● **ABOUT THIS EXERCISE**:
Quote exactly the lines from the one with "Siemens IP54 interrupteur" to the end of the data, both included; omit the pictures.

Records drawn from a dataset
______________________________
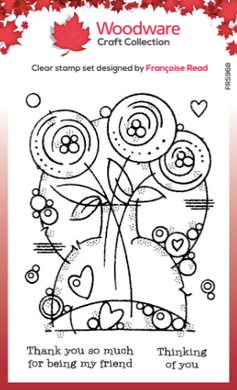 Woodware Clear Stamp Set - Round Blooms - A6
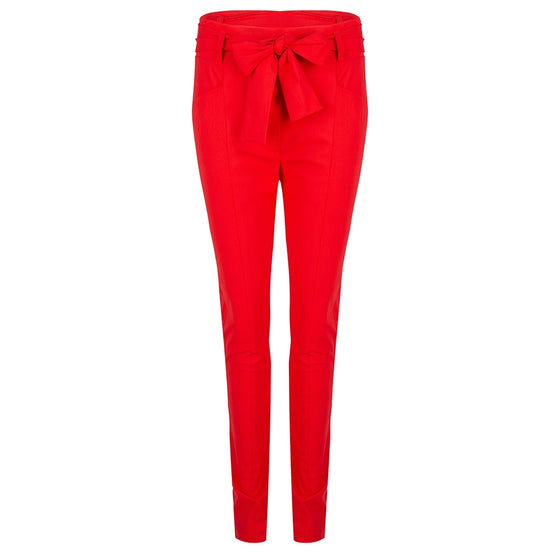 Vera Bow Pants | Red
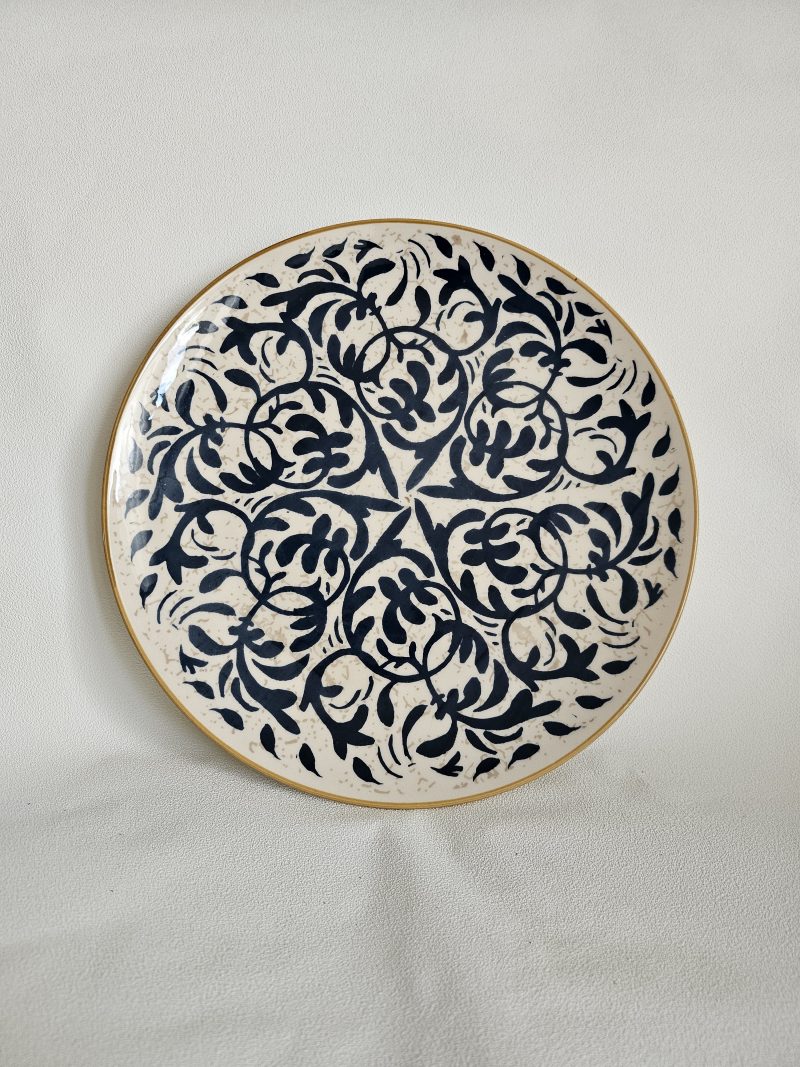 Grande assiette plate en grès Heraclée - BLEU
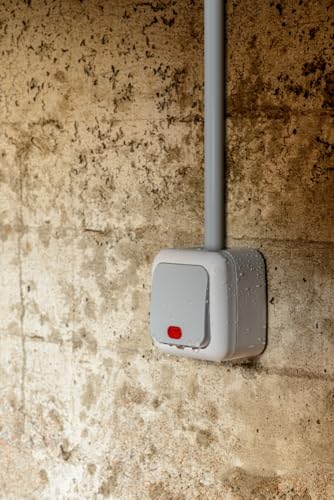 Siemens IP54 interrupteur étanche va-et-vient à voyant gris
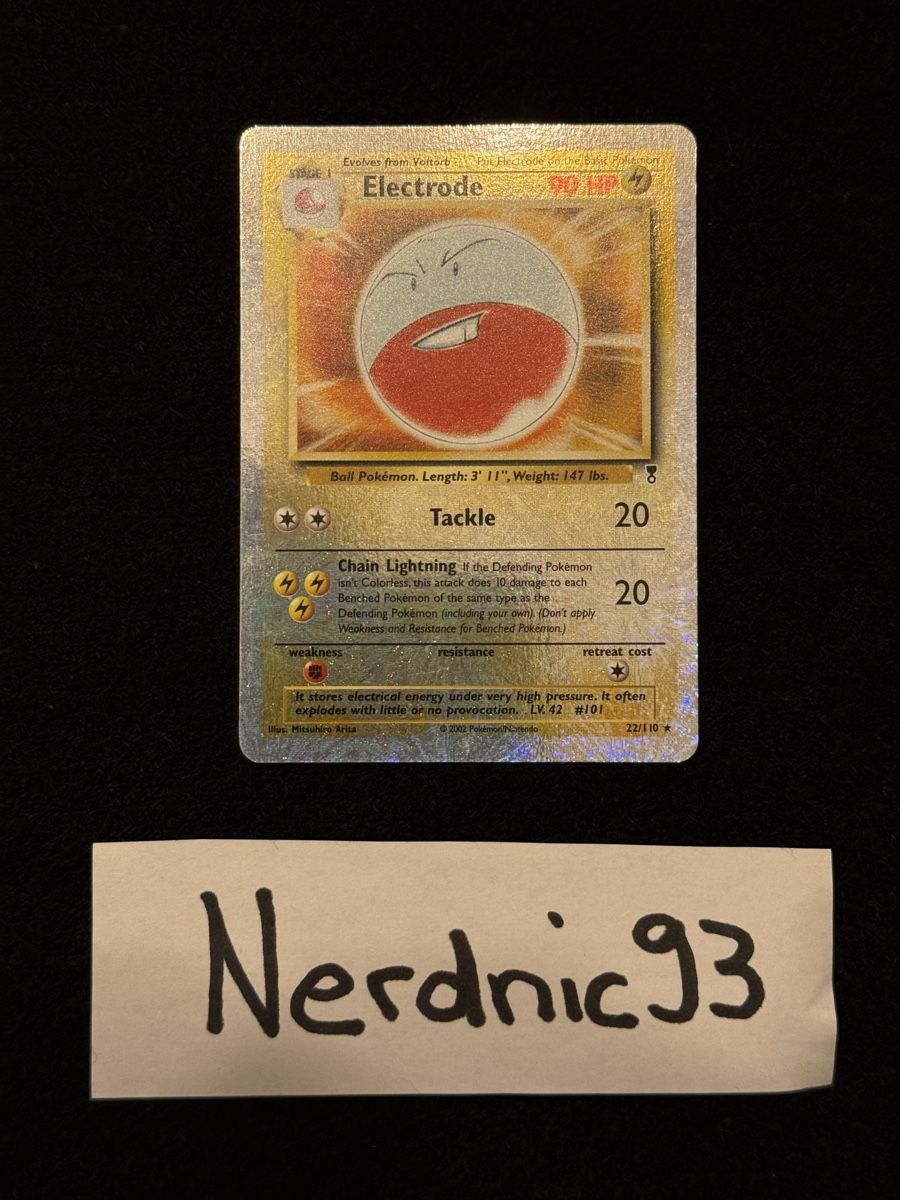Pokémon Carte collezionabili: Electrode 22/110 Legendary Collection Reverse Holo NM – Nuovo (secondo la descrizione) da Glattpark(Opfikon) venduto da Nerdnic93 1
______________________________
● **ANSWER SPACE**:
 Siemens IP54 interrupteur étanche va-et-vient à voyant gris
Pokémon Carte collezionabili: Electrode 22/110 Legendary Collection Reverse Holo NM – Nuovo (secondo la descrizione) da Glattpark(Opfikon) venduto da Nerdnic93 1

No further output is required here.